4. The memory device of claim 1, wherein the signal processing circuit is a differential analog-to-digital converter, the first set of memory cells to the fourth set of memory cells each comprising one memory cell.

5. The memory device of claim 1, wherein the signal processing circuit is a differential analog-to-digital converter, the first set of memory cells to the fourth set of memory cells each comprising two memory cells, the memory device further comprising:

two first drain side conductive strings coupled to the first set of memory cells, the third set of memory cells, and the first global bit line; and

two second drain side conductive strings coupled to the fourth set of memory cells, the second set of memory cells, and the second global bit line.

6. The memory device of claim 5, further comprising:

a plurality of bit line transistors coupled between the two first drain side conductive strings and the first global bit line, and coupled between the two second drain side conductive strings and the second global bit line.

7. The memory device of claim 5, further comprising:

two first source side conductive strings coupled to the first group of memory cells and the third group of memory cells, respectively, and to a common source line; and

two second source side conductive strings are coupled to the second group of memory cells and the fourth group of memory cells, respectively, and to the common source line.

8. The memory device of claim 4, wherein the weight information stored in the memory array comprises a 4-order weight value.

9. The memory device of claim 1, wherein the first global bit line and the second global bit line are used to sum memory cell currents from the memory array and the memory cell current for one memory cell of the memory array is greater than 100nA and less than 1 μΑ.

10. The memory device of claim 1, wherein a sense voltage is applied to the first global bit line and the second global bit line to sum a memory cell current from the memory array, and the sense voltage is less than 0.2V.

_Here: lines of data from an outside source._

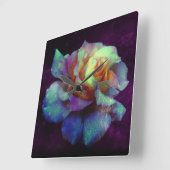 パープルキスターコイズバラウォールクロック スクエア壁時計 (傾斜)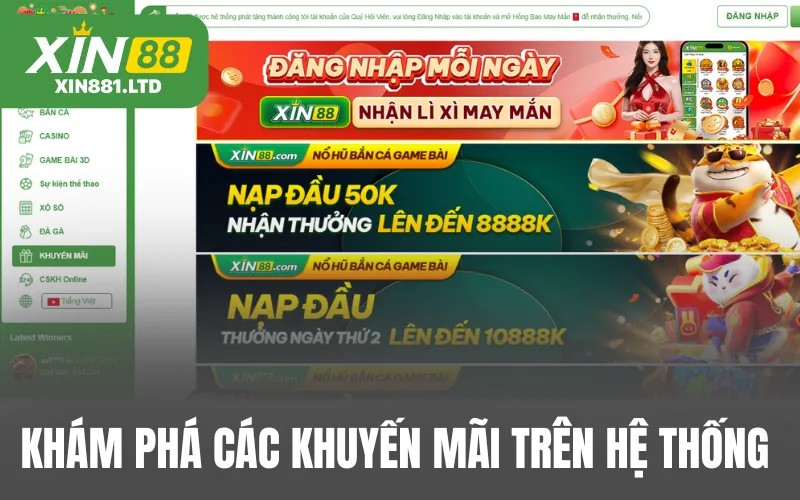 Khám phá các khuyến mãi trên hệ thống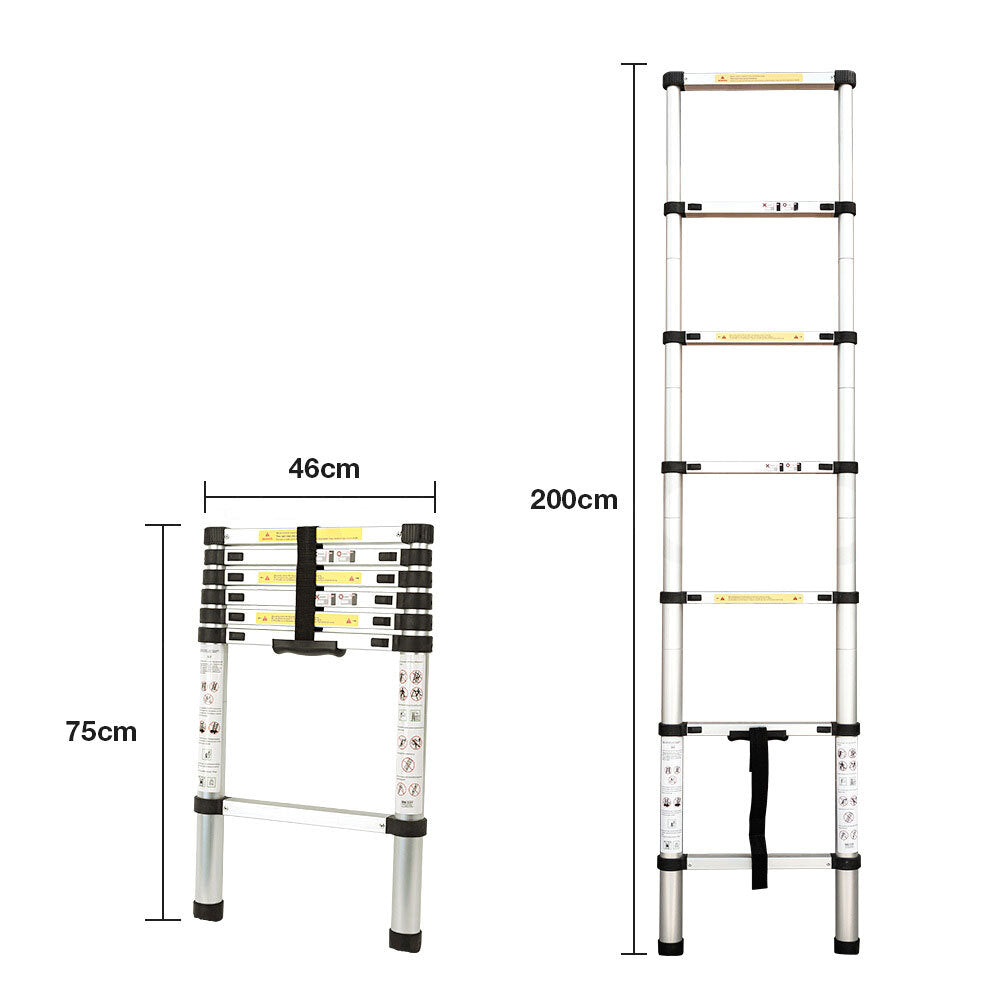 Bullet 2m Telescopic Aluminium Ladder Alloy Extension Extendable Steps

11. The memory device of claim 1, wherein each of the plurality of input word line pairs is to provide a 1-bit input signal.

12. The memory device of claim 1, wherein the memory array is a 3DNOR flash memory.

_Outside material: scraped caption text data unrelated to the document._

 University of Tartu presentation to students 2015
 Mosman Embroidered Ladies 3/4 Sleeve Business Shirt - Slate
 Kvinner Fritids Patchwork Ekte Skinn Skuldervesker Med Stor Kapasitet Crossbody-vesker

13. The memory device of claim 5, wherein the two first drain side conductive strings and the two second drain side conductive strings are doped polysilicon plugs.

14. The memory device of claim 1, wherein the first through fourth sets of memory cells each comprise one memory cell,

The memory device is configured to perform an in-memory search (IMS), an

The signal processing circuit is a differential sense amplifier coupled to the first global bit line and the second global bit line.

15. The memory device of claim 14, wherein each of the plurality of input word line pairs provides a binary input signal or a ternary input signal.

16. The memory device of claim 14, wherein the memory array stores weight value information used as the in-memory search, wherein a first IMS weight value is stored in the first set of memory cells and the fourth set of memory cells, and a second IMS weight value is stored in the second set of memory cells and the third set of memory cells.

17. The memory device of claim 14, further comprising:

control circuitry coupled to the memory array and the plurality of input word line pairs, the control circuitry controlling the memory array to perform the in-memory search using cosine similarity calculations; and

and a comparator coupled to the differential sense amplifier and a reference signal generator, wherein the reference signal generator generates a reference signal, and the comparator compares the output of the differential sense amplifier with the reference signal.

18. The memory device of claim 17, wherein the reference signal is adjustable corresponding to a cosine similarity calculation threshold.

19. A solid state drive module comprising:

a controller chip;

a memory chip, which is the in-memory computing memory device according to claim 1, coupled to the controller chip; and

an interface coupled to the controller chip and the memory chip.

20. The solid state drive module of claim 19, wherein the interface is DDR4 or DDR5.